Steinberg Institute Executive Director Maggie Merritt has been appointed to a key advisory committee that will help inform the work of the California Future Health Workforce Commission, a high-powered panel charged with helping identify and address debilitating gaps in the state’s health care workforce.

The Workforce Commission, co-chaired by University of California President Janet Napolitano and Dignity Health President and CEO Lloyd Dean, is composed of 24 leaders in education, business and health care. Over the next 12 months, the group will develop a blue print for how the state can recruit, train and develop the multi-skilled workforce needed to meet the evolving health care needs of its diverse and growing population.

The commission will be supported in its work by a Technical Advisory Committee made up of more than three dozen experts in various aspects of health care policy and delivery. Merritt’s participation ensures that the complex challenges and harmful shortages facing the mental health workforce will be front and center in discussion.

Four foundations are partnering to support and fund the commission: The California Endowment; California Health Care Foundation; The California Wellness Foundation; and Blue Shield of California Foundation. The goal is a road map that lays out a series of short- and long-term solutions to the state’s health workforce needs; as well as creation of a workforce that delivers smarter, more affordable care.
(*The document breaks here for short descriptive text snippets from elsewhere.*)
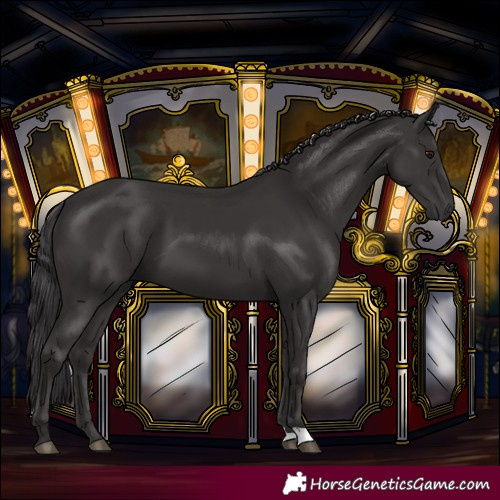 Horse Color:Smoky Black 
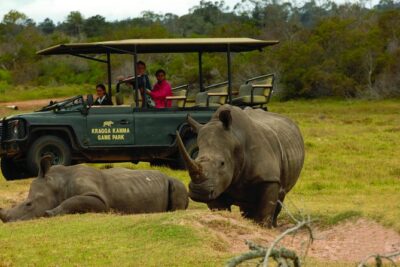 2hr Guided Game Drive at 10h00; Kragga Kamma Game Park Ticket - Getting there: no hotel pickup, so plan your ride early
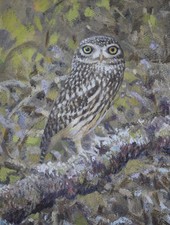 Little Owl. Original oil by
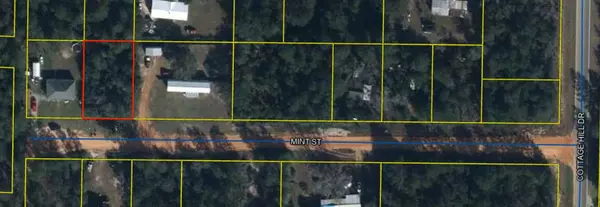 Defuniak Springs, FL 32433,Lot X Mint Street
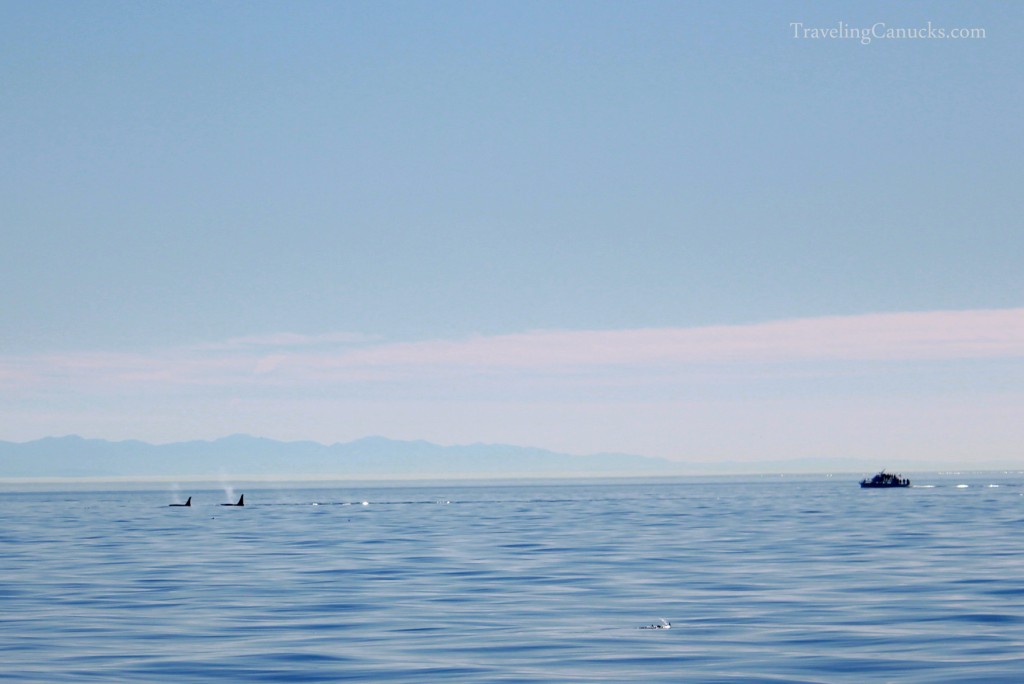 Whale watching in Victoria, British Columbia, Orca Whale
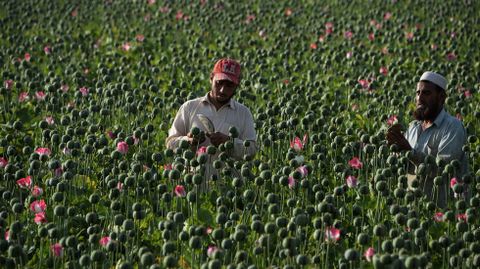 Granjeros afganos cosechan savia de opio en un campo de amapolas.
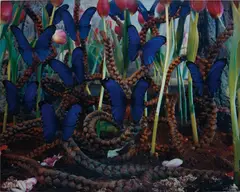 Untitled (Blue Butterflies) by Gregory Crewdson, 1997, c-print, sold Apr 2017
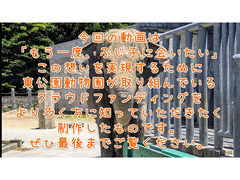 ユーチューブの1コマ（今回の動画について）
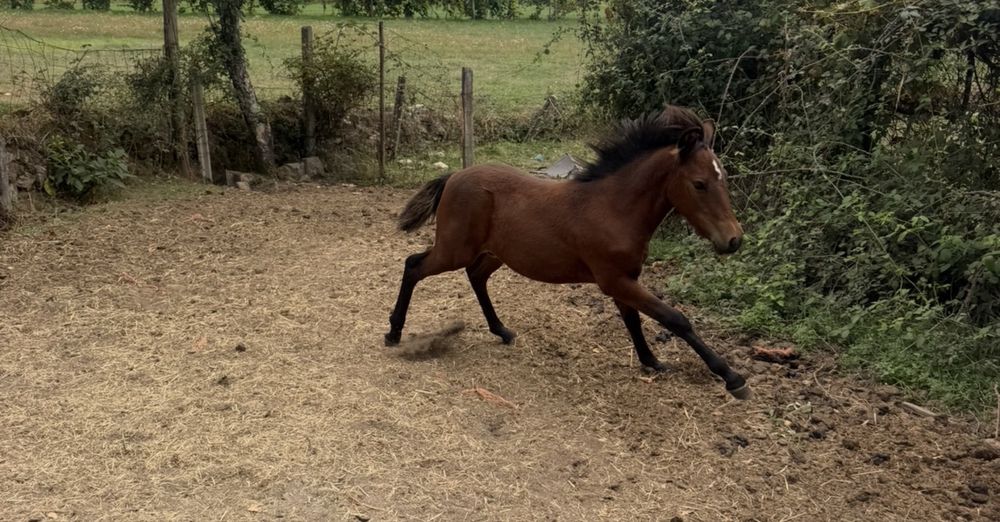 Vendo poldro macho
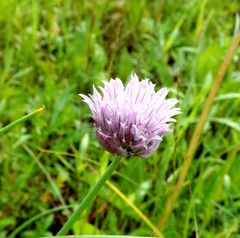 Allium maximowiczii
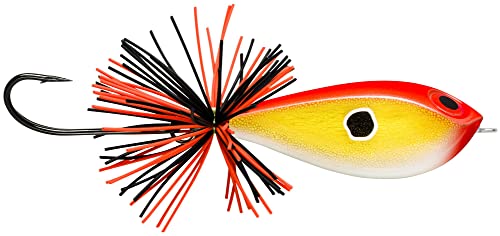 Rapala - Angelköder BX Skitter Frog - Angelzubehör Balsa-Kern und Copolymer-Außenschale - Schwimmend - Lauftiefe: Oberfläche - Größe: 5,5cm / 13g - Hergestellt in Estland - Gold Fluorescent Red Rapala - Angelköder BX Skitter Frog - Angelzubehör Balsa-Kern und Copolymer-Außenschale - Schwimmend - Lauftiefe: Oberfläche - Größe: 5,5cm / 13g - Hergestellt in Estland - Gold Fluorescent Red von Rapala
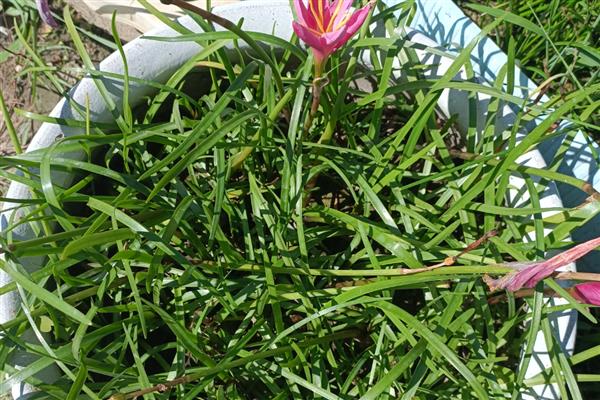 风雨兰叶子发黄怎么处理，需要为植株更换土壤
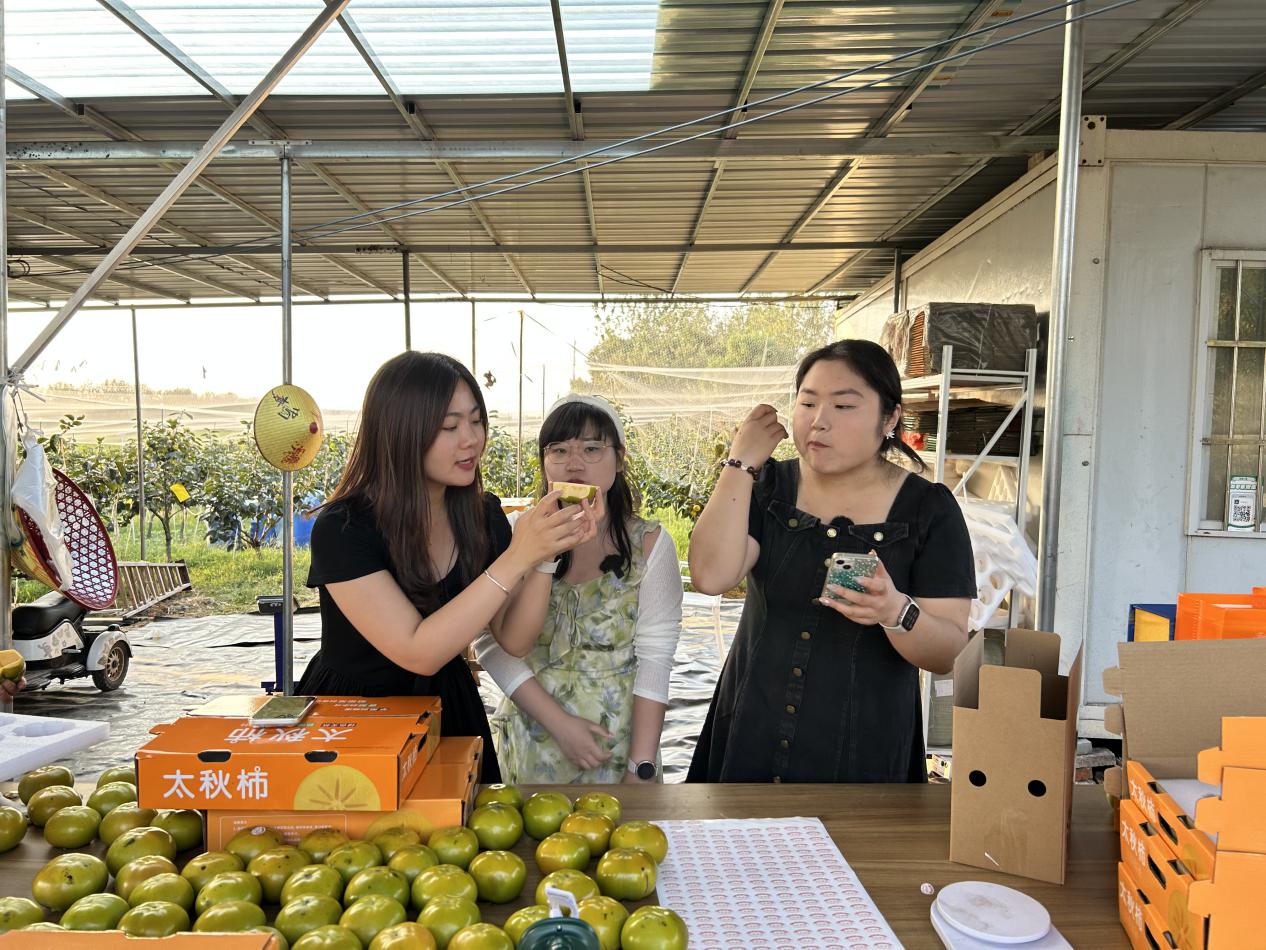 合肥庐阳三十岗太秋甜柿开摘 村干部下班直奔果园当“主播”(图1)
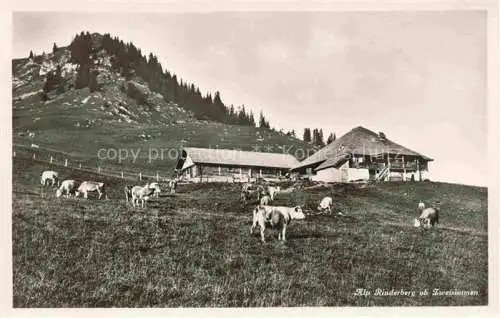 AK / Ansichtskarte Zweisimmen BE Alp Rinderberg Almvieh Bergbauernhof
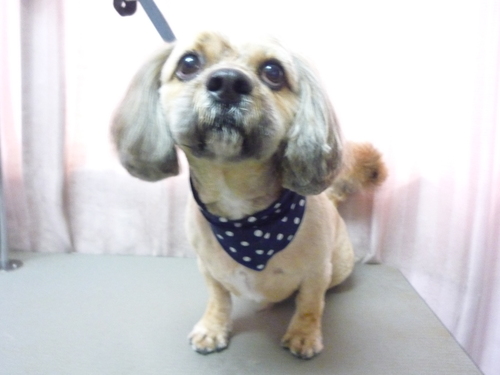 http://pet.e6.valueserver.jp/blog/P1100805.jpg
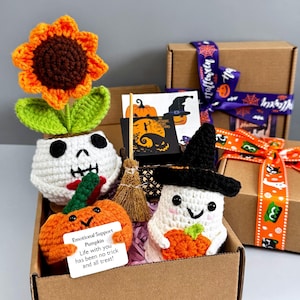 Könnte beinhalten: Ein Karton voller handgefertigter Halloween-Dekorationen aus Häkelarbeit. Enthält eine Sonnenblume, einen Kürbis, einen Geist mit Hexenhut und eine Karte mit der Aufschrift "Emotional Support Pumpkin". Die Box ist mit Halloween-Bändern verziert.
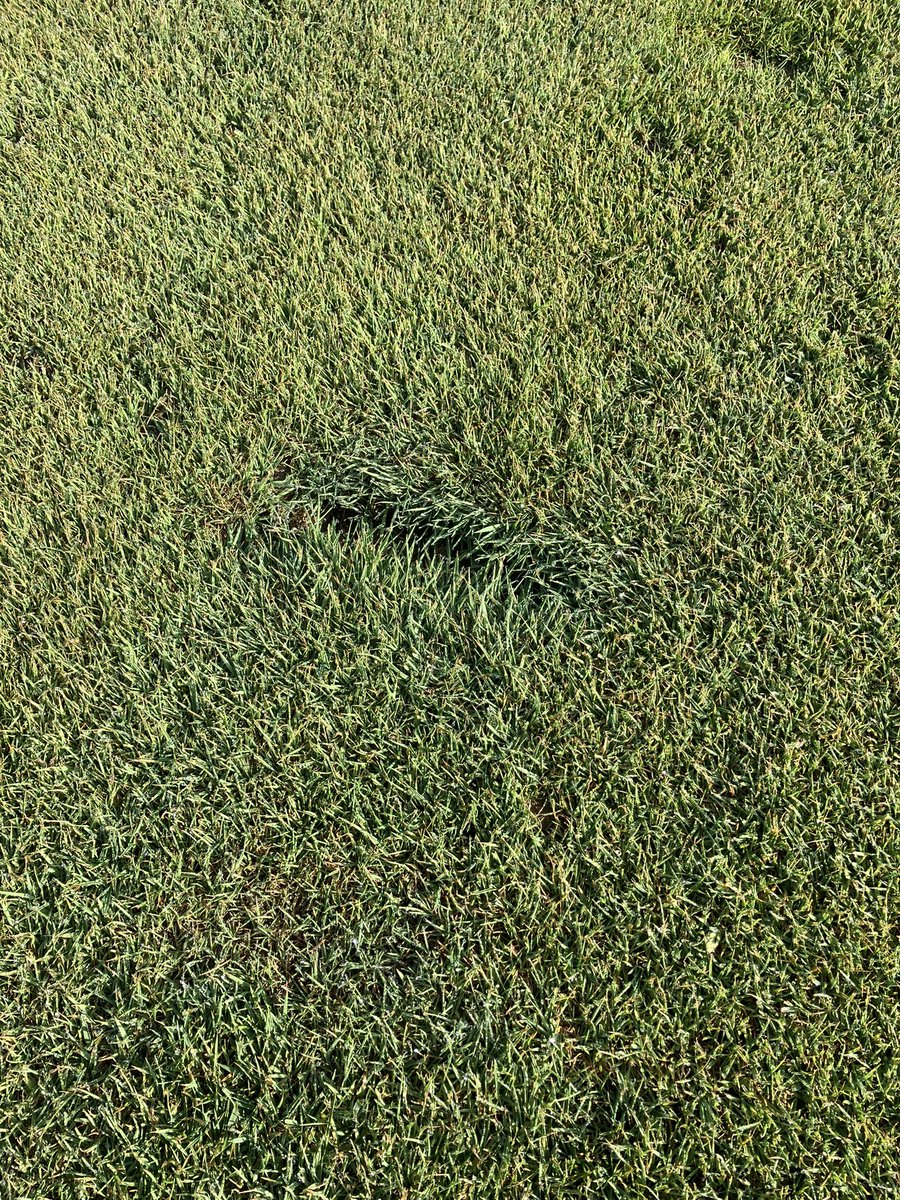 hhgcgrounds's tweet photo. Golfers ask why we don’t use divot mix on our carts. That’s why https://t.co/DLwQ3ElUIS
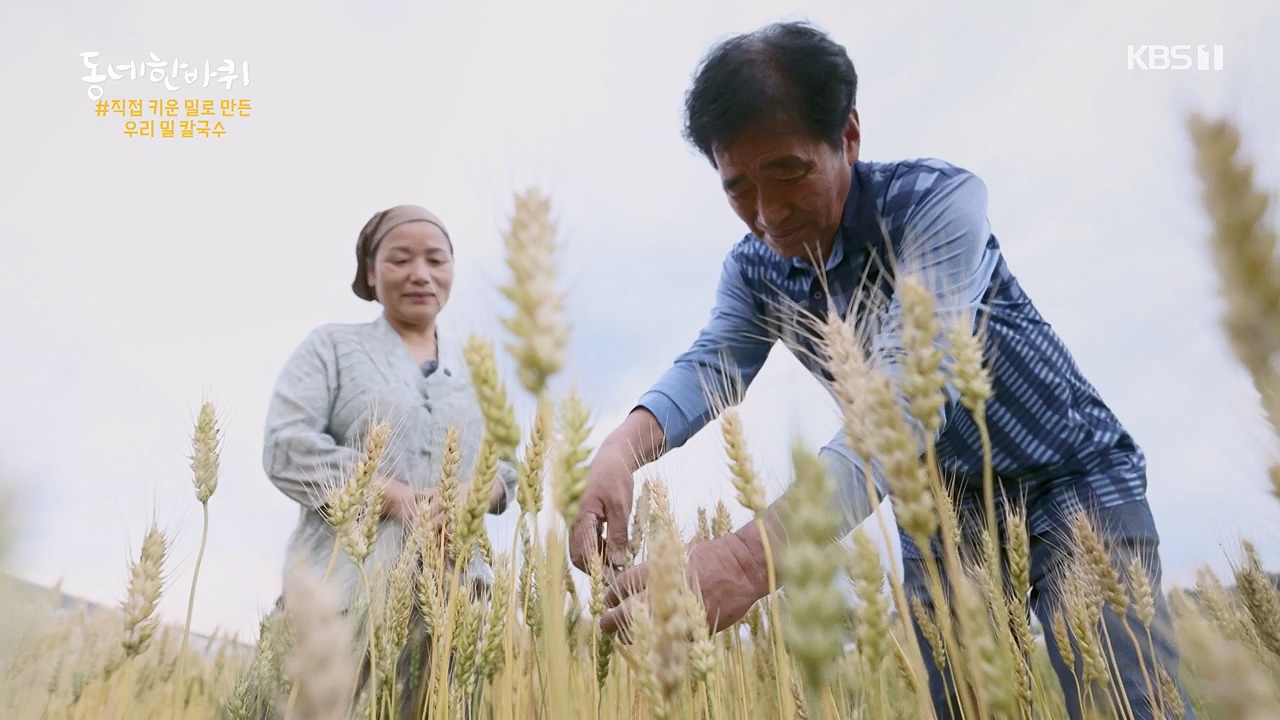 동네 한 바퀴.E279.240623p-NEXT.mp4_20240623_170454.638.jpg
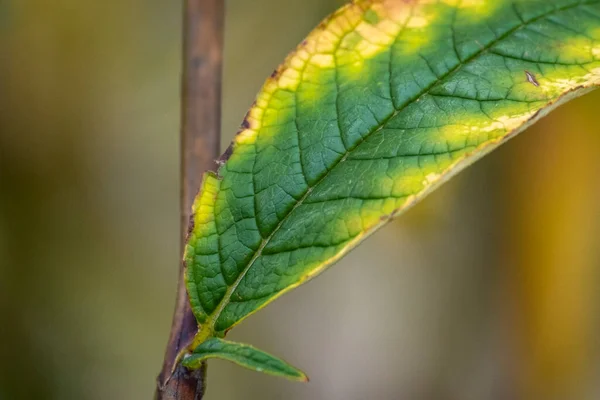 Обрізаний Зелений Лист Дереві — стокове фото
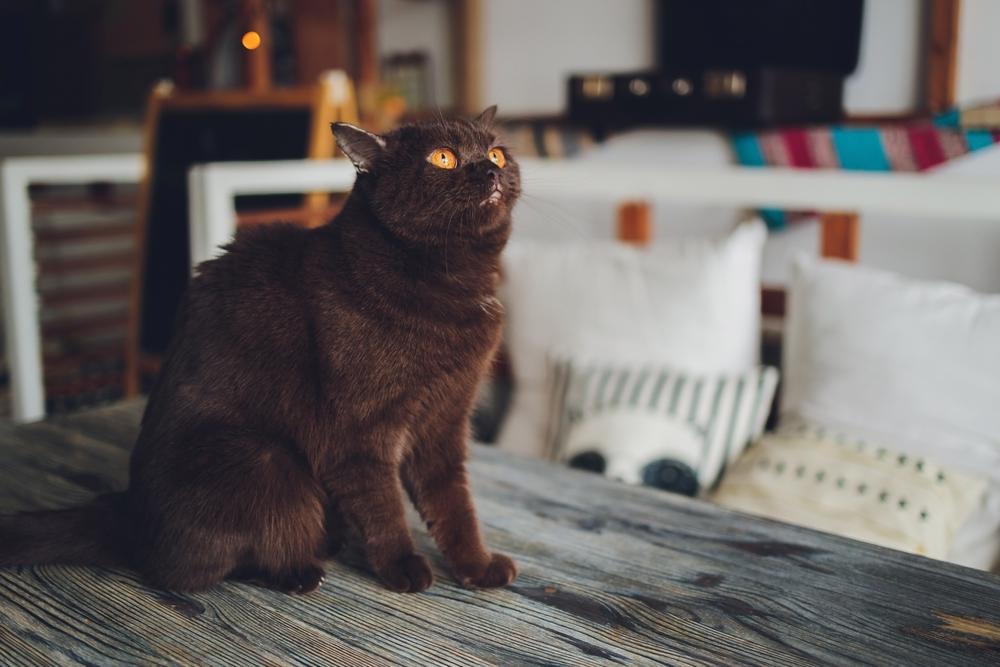 Сплошные окрасы шотландских кошек: шоколадный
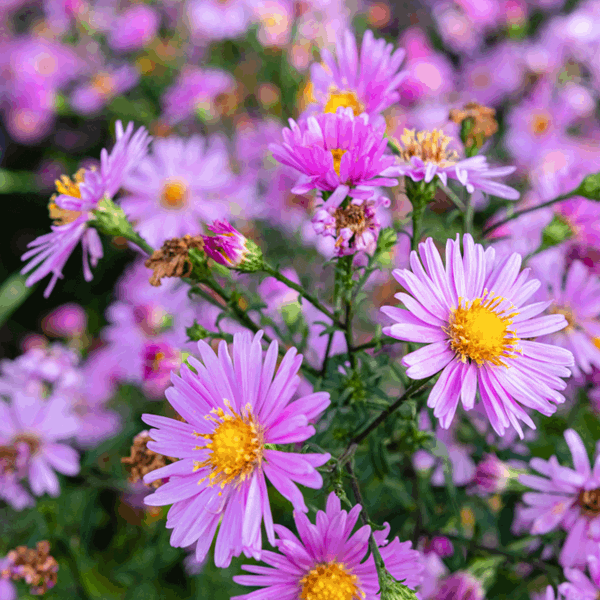 Aster Alpinus Happy End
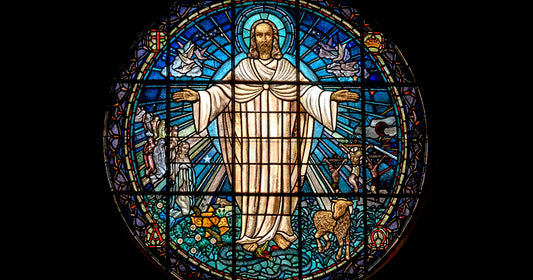 Repentance Is for Sinners—Just Ask Zacchaeus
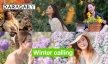 Winter calling  5 ซุปตาร์รับลมหนาว 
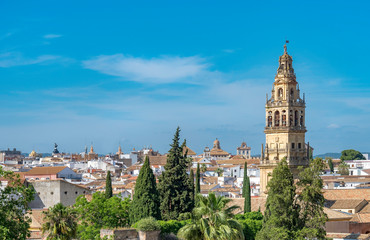 Fototapeta na wymiar Aerial view from the Alcazares de los reyes and the Torre del campanario (Bell tower) in the background in Cordoba, Spain.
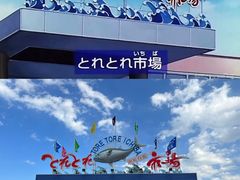 -滨千鸟之汤 海舟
Merritt has served as executive director of the Steinberg Institute since its inception in January 2015. Before joining the institute, she worked for years as a leader and advocate for nonprofit organizations focused on women’s and children’s health, violence prevention, and social justice and civil rights issues. In 2004, Merritt worked alongside then-Assemblyman Darrell Steinberg on the successful Proposition 63 campaign that imposed a 1 percent tax on personal income over $1 million and funds mental health services across California. The Mental Health Services Act brings in nearly $2 billion annually to provide treatment, prevention and early intervention services to adults and children with mental illness.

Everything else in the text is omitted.